Renal Blood Flow at Baseline and Kidney Function
There was a significant correlation between renal blood flow obtained before CNI administration and kidney function (estimated glomerular filtration rate [eGFR]: r=0.60, P<0.001 and serum creatinine: r=−0.54, P<0.01; Fig. 2). No correlation could be determined between kidney function and color Doppler indices, transplant age, or recipient age.

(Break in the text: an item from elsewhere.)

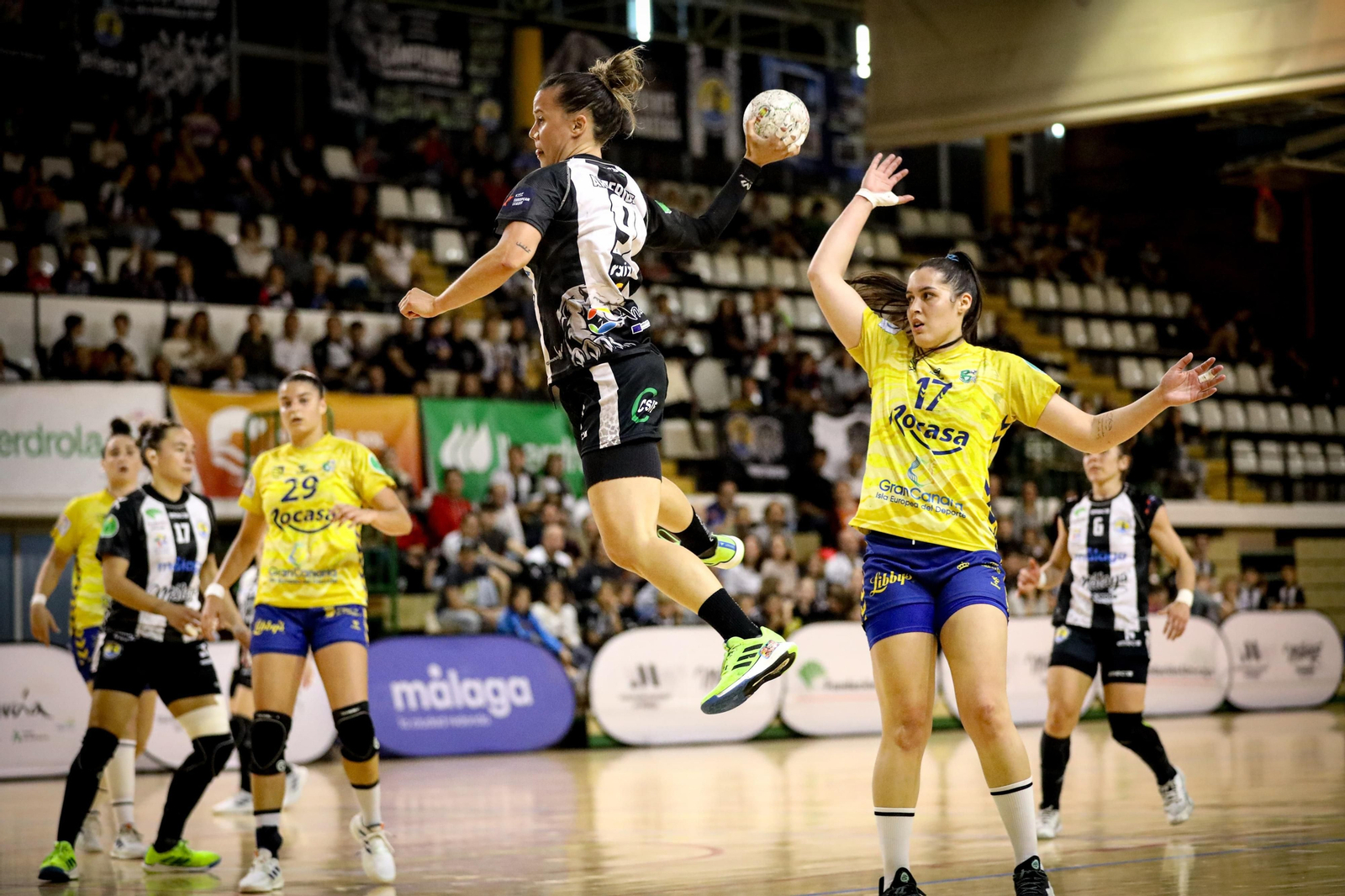 El Costa del Sol - Rocasa Gran Canaria, en fotos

Change of Renal Blood Flow After Drug Administration
There was a significant decrease of renal blood flow 2 hr after the intake of CsA (Table 2, Figs. 1A and 3A). Kidney allograft microperfusion was reduced by 4.78±2.31 dB/s, 49%, respectively (Fig. 3A). No significant decrease of allograft microperfusion could be obtained after the intake of Tac (reduction of microperfusion by 0.79±1.64 dB/s, 5.9%, respectively; Table 3, Figs. 1B and 3A). The detailed analysis of patients receiving CsA revealed a reduced impairment of kidney allograft perfusion in patients receiving calcium channel blockers (CCB) (CsA+CCB: −2.53±4.56 dB/s vs. CsA−CCB: 7.00±5.12 dB/s, 23% vs. 74%, respectively, P<0.01; Fig. 3B). There was no difference in the decrease of renal blood flow after CsA intake with respect to kidney allograft function (CsA+eGFR >30 mL/min: 54% vs. CsA+eGFR <30 mL/min: 39%, P=n.s.) or angiotensin-converting enzyme inhibitor (ACEI) medication (CsA+ACEI: 55% vs. CsA−ACEI: 45%, P=n.s.; Fig. 3C and D). The decrease of renal blood flow did not correlate with the absolute (r=0.13, P=n.s.) or relative (r=0.09, P=n.s.) increase of the CsA concentration.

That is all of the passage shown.